_Collected material_:
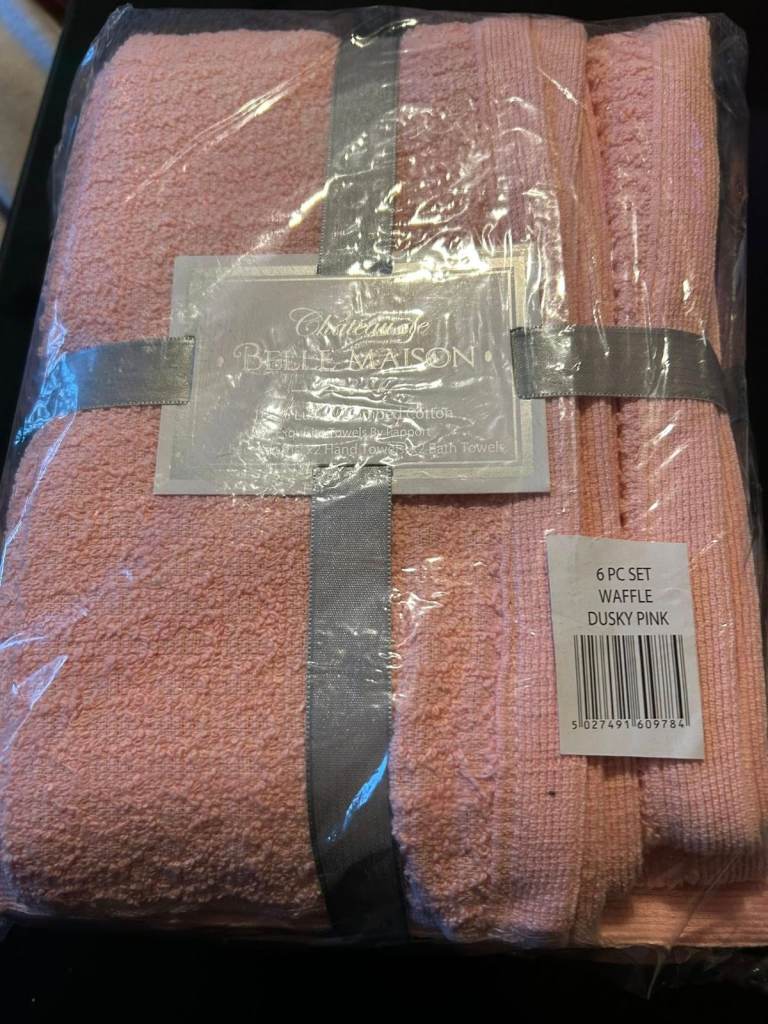 6pc Waffle Towel Bale - Dusty Pink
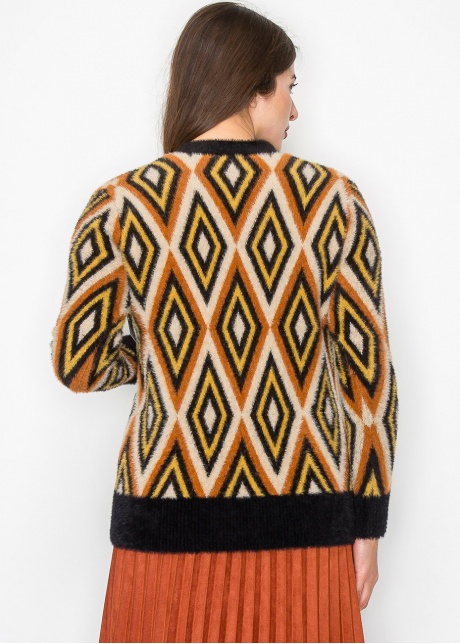 Autumn Vibes Geometric Cardigan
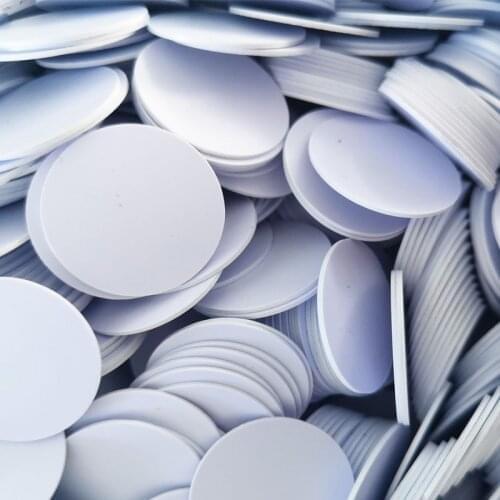 13.56mhz NTAG213 chip Hard PVC NFC Round Coin Tag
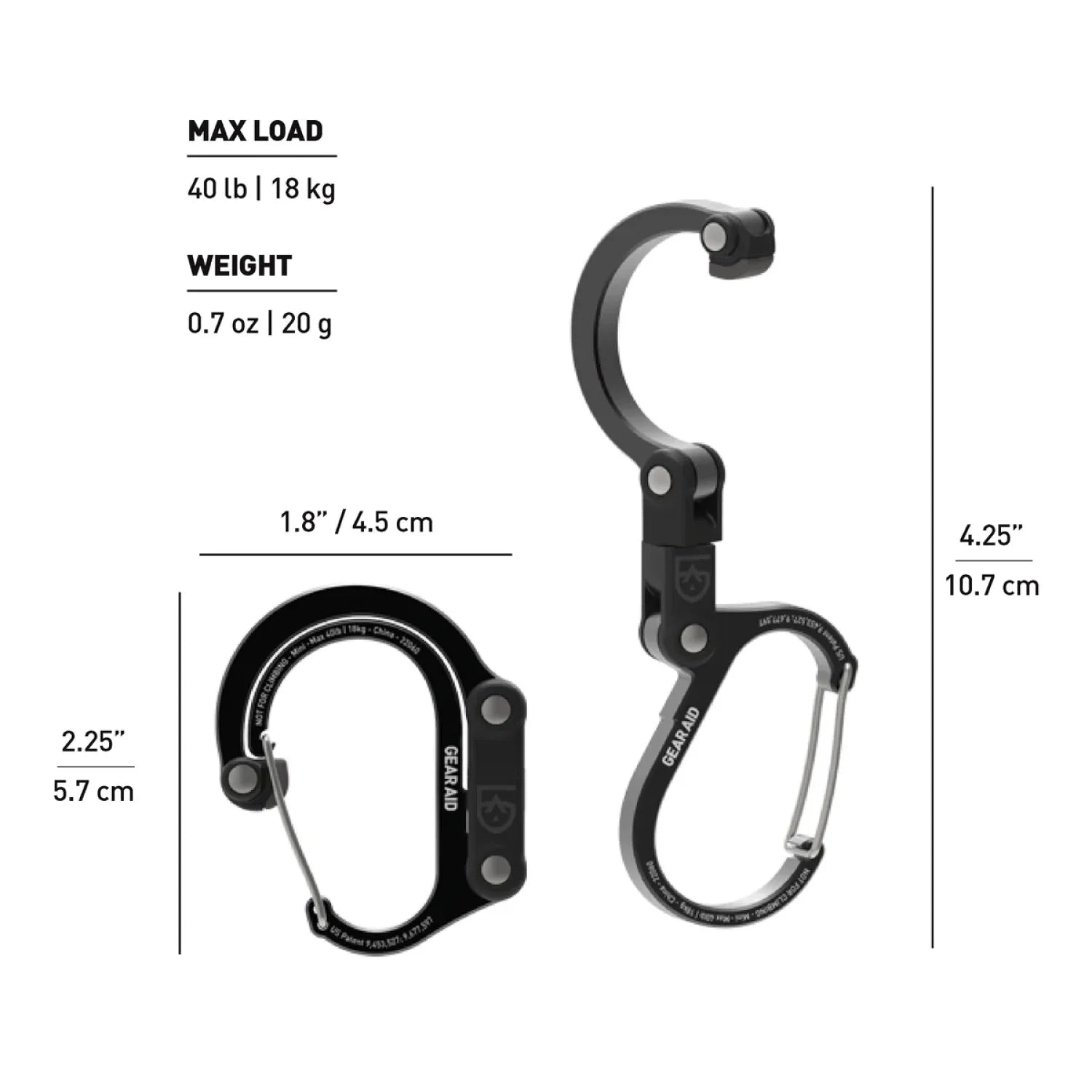 small gear clip carabiner tool in front view, next to it is open view of clip with size specifications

_What needs to be done_: Retype the data above exactly; pictures are not part of the copy.

_Result of this exercise_:
 6pc Waffle Towel Bale - Dusty Pink
 Autumn Vibes Geometric Cardigan
 13.56mhz NTAG213 chip Hard PVC NFC Round Coin Tag
 small gear clip carabiner tool in front view, next to it is open view of clip with size specifications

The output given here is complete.